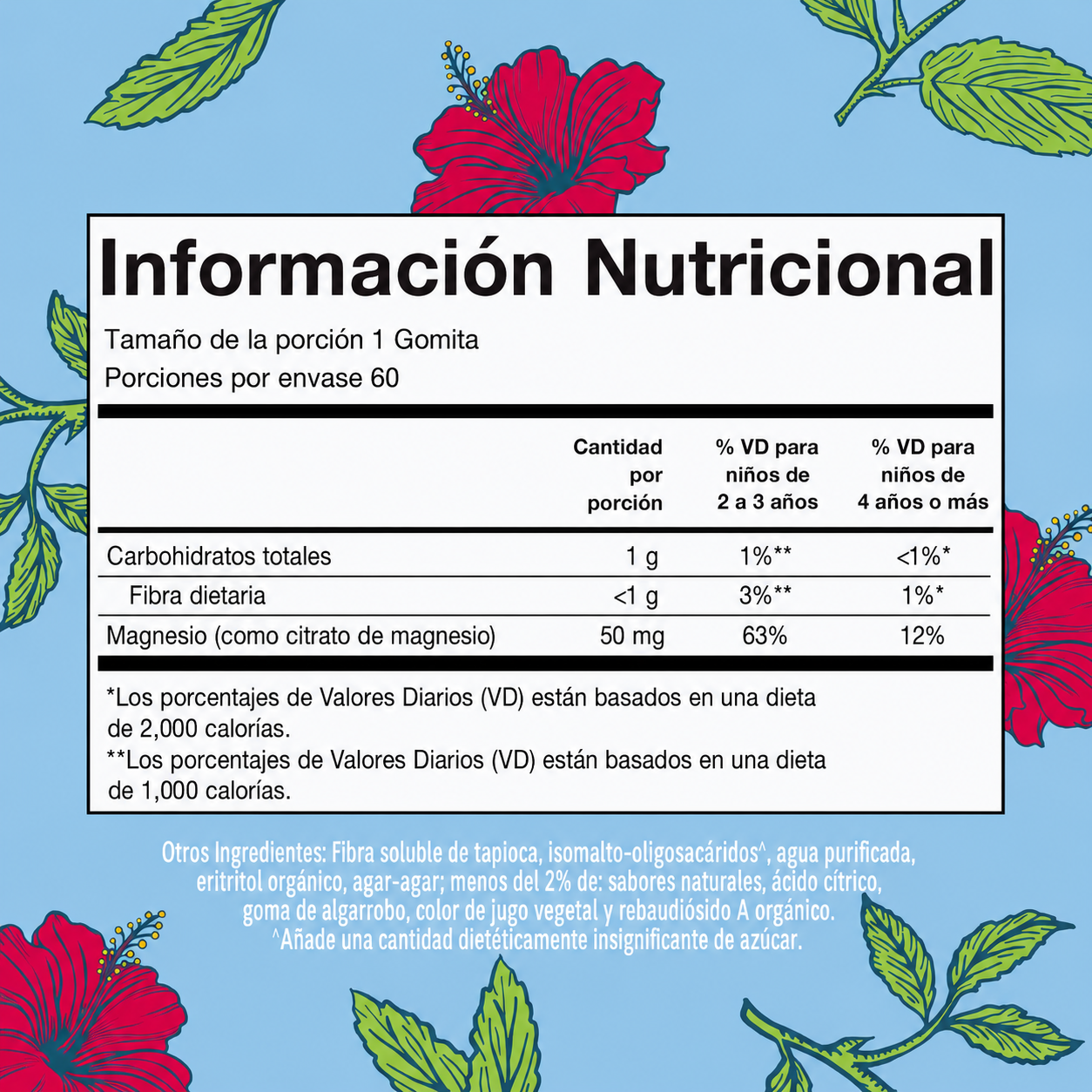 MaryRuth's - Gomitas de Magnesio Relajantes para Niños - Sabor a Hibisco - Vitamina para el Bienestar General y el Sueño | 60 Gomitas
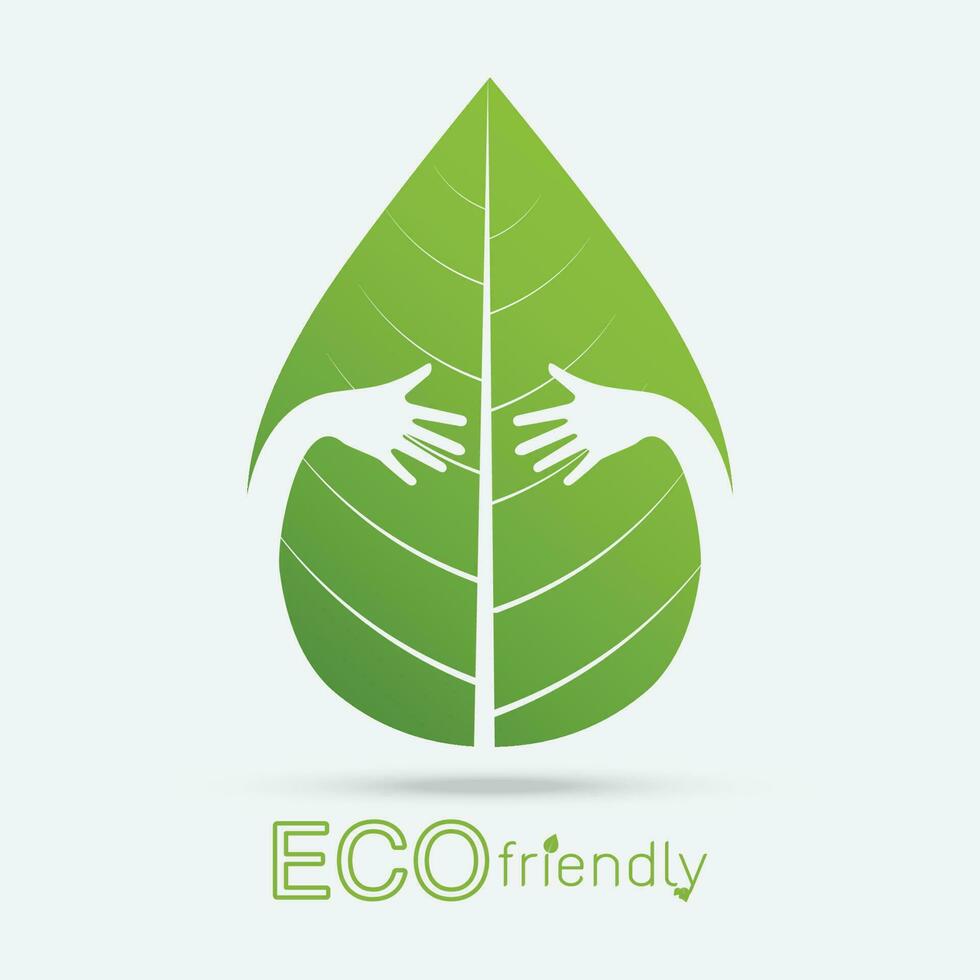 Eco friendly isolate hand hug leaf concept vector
--
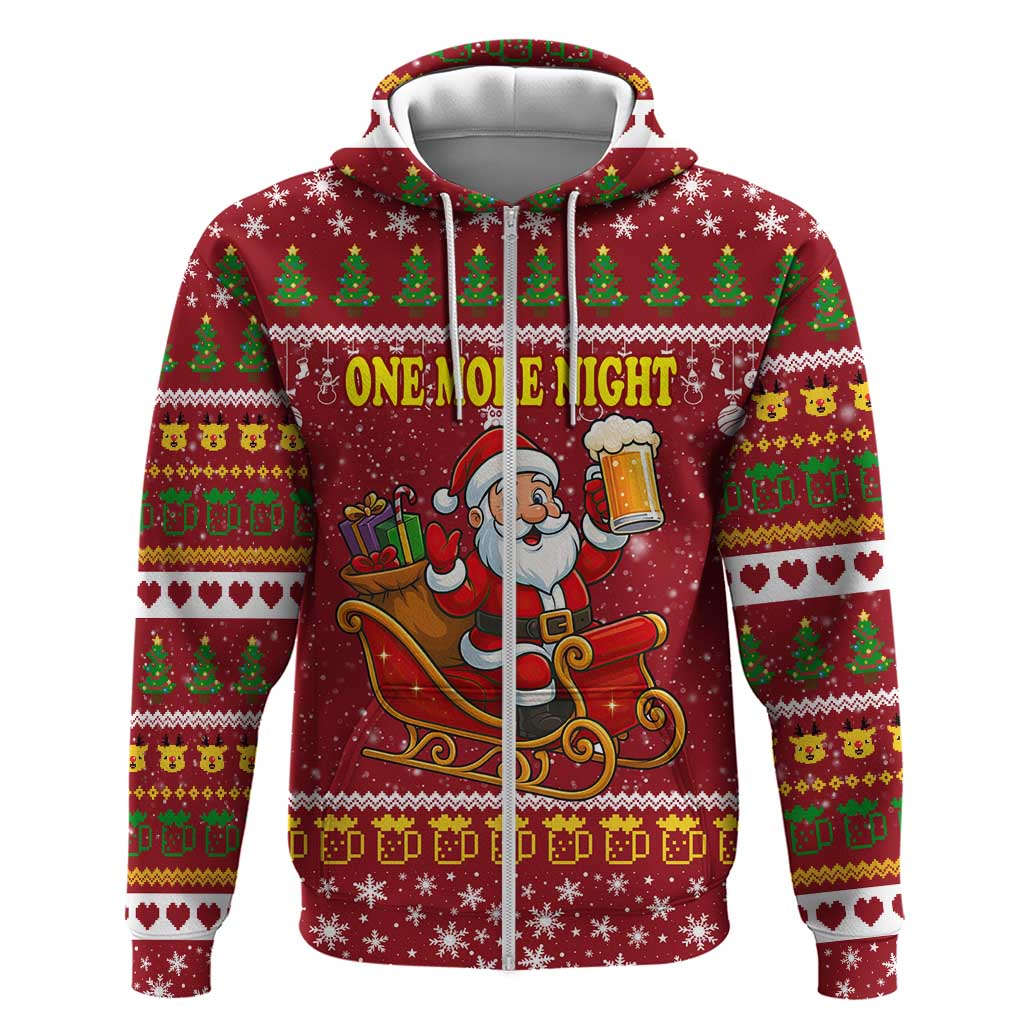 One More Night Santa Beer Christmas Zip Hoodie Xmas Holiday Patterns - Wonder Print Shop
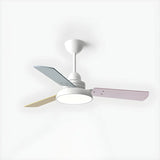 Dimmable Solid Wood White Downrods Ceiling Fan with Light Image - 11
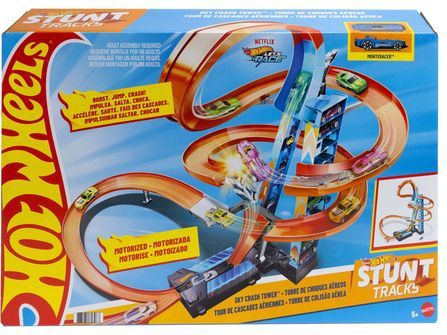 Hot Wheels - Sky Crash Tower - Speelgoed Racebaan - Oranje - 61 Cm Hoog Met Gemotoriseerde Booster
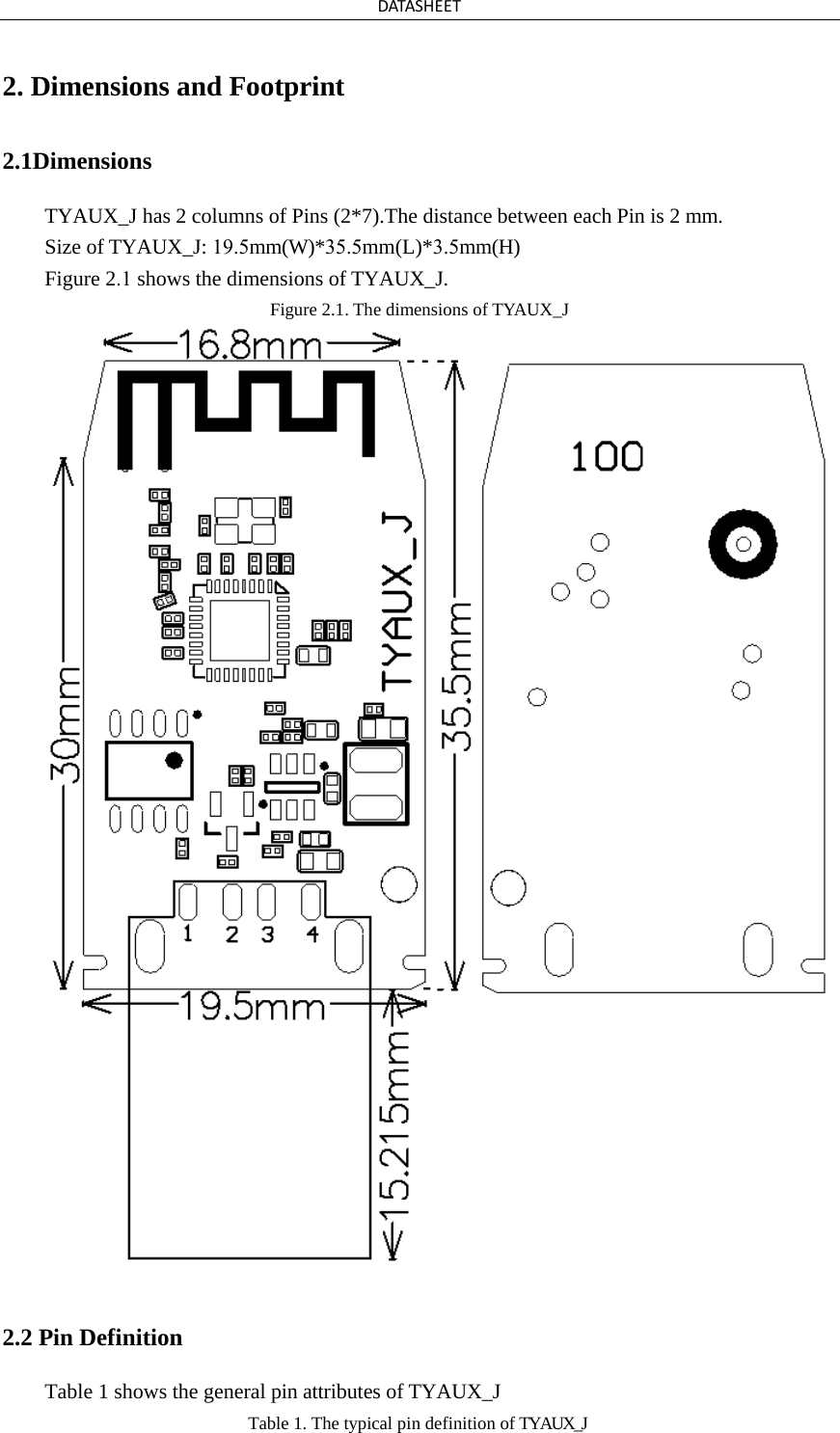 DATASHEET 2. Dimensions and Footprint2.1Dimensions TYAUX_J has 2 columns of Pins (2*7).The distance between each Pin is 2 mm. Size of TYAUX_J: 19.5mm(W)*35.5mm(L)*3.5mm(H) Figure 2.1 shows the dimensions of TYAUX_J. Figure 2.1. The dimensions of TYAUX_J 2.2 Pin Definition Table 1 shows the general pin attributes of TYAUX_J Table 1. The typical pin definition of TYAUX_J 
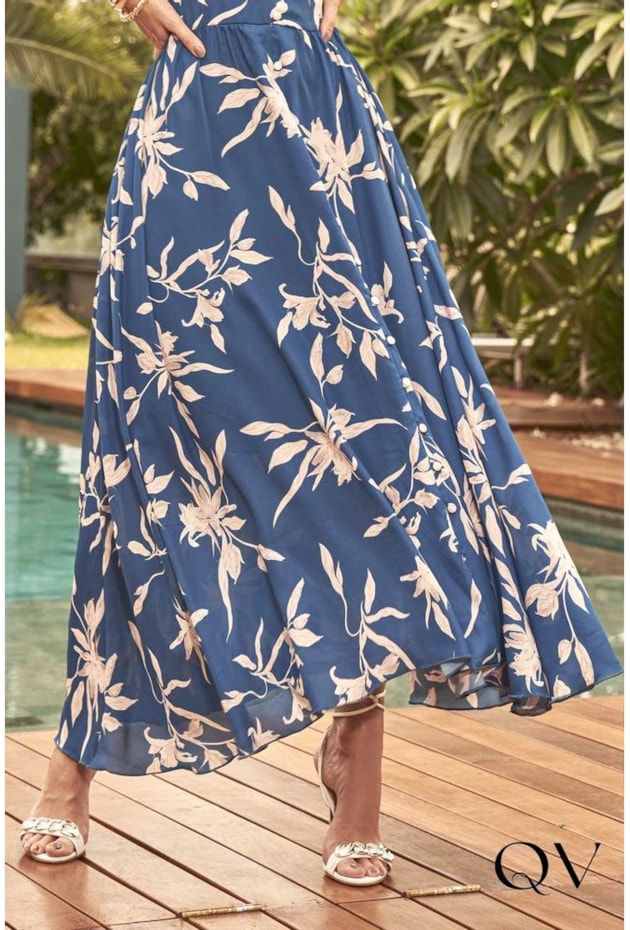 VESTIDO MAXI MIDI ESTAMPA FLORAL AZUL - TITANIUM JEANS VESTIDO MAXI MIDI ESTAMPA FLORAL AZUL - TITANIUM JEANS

What the task requires
Quote the lines above exactly, starting with the one that has "One More Night" and ending with the one that has "VESTIDO MAXI MIDI ESTAMPA FLORAL AZUL - TITANIUM JEANS VESTIDO"; drop the pictures and include nothing else.

Task answer
 One More Night Santa Beer Christmas Zip Hoodie Xmas Holiday Patterns - Wonder Print Shop
 Dimmable Solid Wood White Downrods Ceiling Fan with Light Image - 11
 Hot Wheels - Sky Crash Tower - Speelgoed Racebaan - Oranje - 61 Cm Hoog Met Gemotoriseerde Booster
 DATASHEET 2. Dimensions and Footprint2.1Dimensions TYAUX_J has 2 columns of Pins (2*7).The distance between each Pin is 2 mm. Size of TYAUX_J: 19.5mm(W)*35.5mm(L)*3.5mm(H) Figure 2.1 shows the dimensions of TYAUX_J. Figure 2.1. The dimensions of TYAUX_J 2.2 Pin Definition Table 1 shows the general pin attributes of TYAUX_J Table 1. The typical pin definition of TYAUX_J 
 VESTIDO MAXI MIDI ESTAMPA FLORAL AZUL - TITANIUM JEANS VESTIDO MAXI MIDI ESTAMPA FLORAL AZUL - TITANIUM JEANS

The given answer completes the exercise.